Through the open door of great sea-port cities there have poured during the years past steady streams of handicapped girls. They are poor, they are plunged into a life whose manners and customs they cannot grasp, they are handicapped by a language they do not understand and by great expectations seldom destined to be fulfilled.

According to our government statistics during nineteen hundred twelve, ninety three thousand, two hundred sixty-one (93,261) girls from fifteen to twenty-one years of age came to us from across the sea and in three years an army of two hundred forty-six thousand, five hundred fifty-four (246,554) became a part of the girl problem our country must meet. It is hard to picture in concrete fashion how great this host of girlhood is.

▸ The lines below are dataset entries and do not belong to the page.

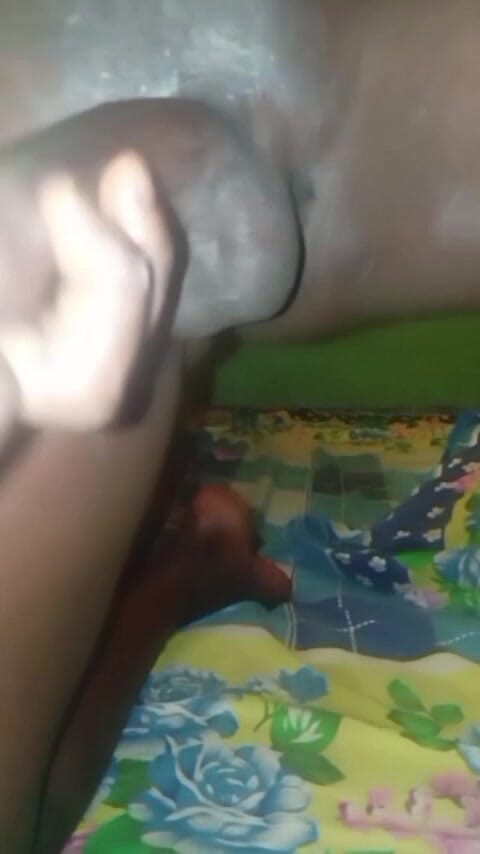 Africatrans: La polla negra más grande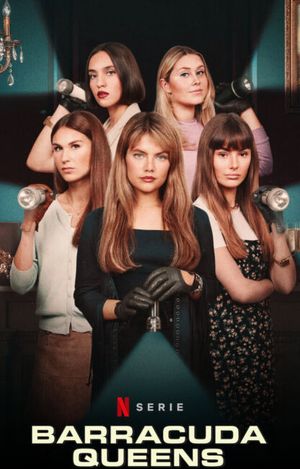 Barracuda Queens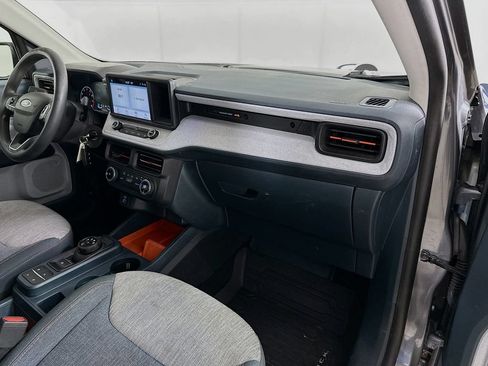Used 2022 Ford Maverick XLT FWD image 32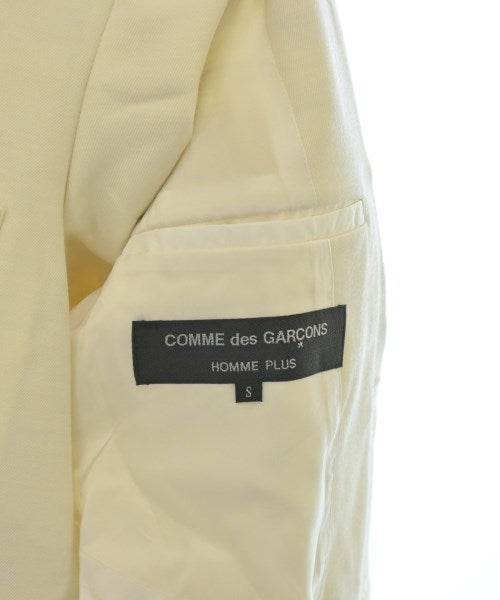 COMME des GARCONS HOMME PLUS 休閒夾克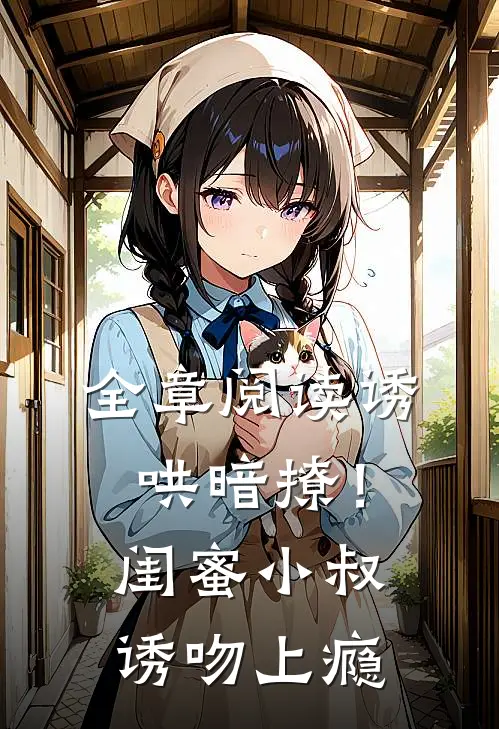 全章阅读诱哄暗撩！闺蜜小叔诱吻上瘾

Sometimes when one looks into the faces of a thousand college girls at Wellesley, Vassar, or Smith and realizes that in a single year more than ninety three times as many girls from fifteen to twenty-one came to test the opportunities of a new land, the significance of the figure becomes a little more clear to him. When he realizes that in three years enough young girls land in this country to found a city the size of Rochester or St. Paul, when he tries to imagine this army of girls marching six abreast through city streets for hours and hours until the thousands upon thousands, representing scores of tongues and nations, have passed, some conception of the great task facing any organization attempting to direct that army of unprepared, unequipped and largely unprotected girlhood comes to him.



Where will they be in another year—those ninety-three thousand and more who came to us in nineteen hundred twelve? What an array of factories and kitchens, what rows of dingy tenements, the moving picture film could reveal to us if it followed these handicapped girls! It does not follow them—they come in over the blue waters of the bay, look with shining eyes at Liberty with her promise of fulfilment of all the heart's desires, they sit in the long rows of benches at Ellis Island, pass through the gate and are gone, the majority to be lost in the mass that struggles for a mere livelihood—just the chance to keep on living.

What if some summer morning, or in the dim twilight of a bitter winter day, a miracle should be wrought and the handicapped should be lifted so that girlhood might be free to work out the realization of its dreams! Many have prayed for such a miracle, some have hoped for it—but it will not come. There will be no miracle suddenly wrought for men to gaze upon in wonder and after a time forget. The release of the handicapped can come only through man's God-inspired effort on behalf of his brother man. In removing his brother's handicap he will remove his own and both shall be free to live. But it cannot be done in a moment. Effort is slow. It cannot be done by any organization, or church, or creed or individual. It must be done by the public conscience. Educating the public conscience is a long process and America is in the midst of that process now. There are two qualifications without which the educator of the public conscience cannot succeed—one is patience, the other persistence. All educators of the public sense of right, like Jane Addams, have had these two characteristics in marked degree, and all churches, creeds and organizations which have had local success in removing local handicaps have shown the ability to wait and the power to persevere despite every opposition.

How the public conscience will act in directing the work of removing the conditions which so sadly handicap girlhood today we cannot say. It may be that vocational schools built and maintained by the State, not by charity, will be one strong hand laid upon the inefficiency and ignorance that handicap. It may be that the Welfare teacher whose salary and rank shall equal that of the teacher of Greek, Ancient History or arithmetic will be another hand laid upon the shoulder of the girl limited by the lack of friendship and protection. It may be that houses maintained as a business proposition and paying honest returns, built in such a way that girls obliged to work away from home may be decently housed and have a fair chance for health, will be another strong hand reached out to release her from the things that handicap. It may be that a minimum wage, safety devices, laws wiping out sweat-shop methods, will reduce the number of handicapped girls.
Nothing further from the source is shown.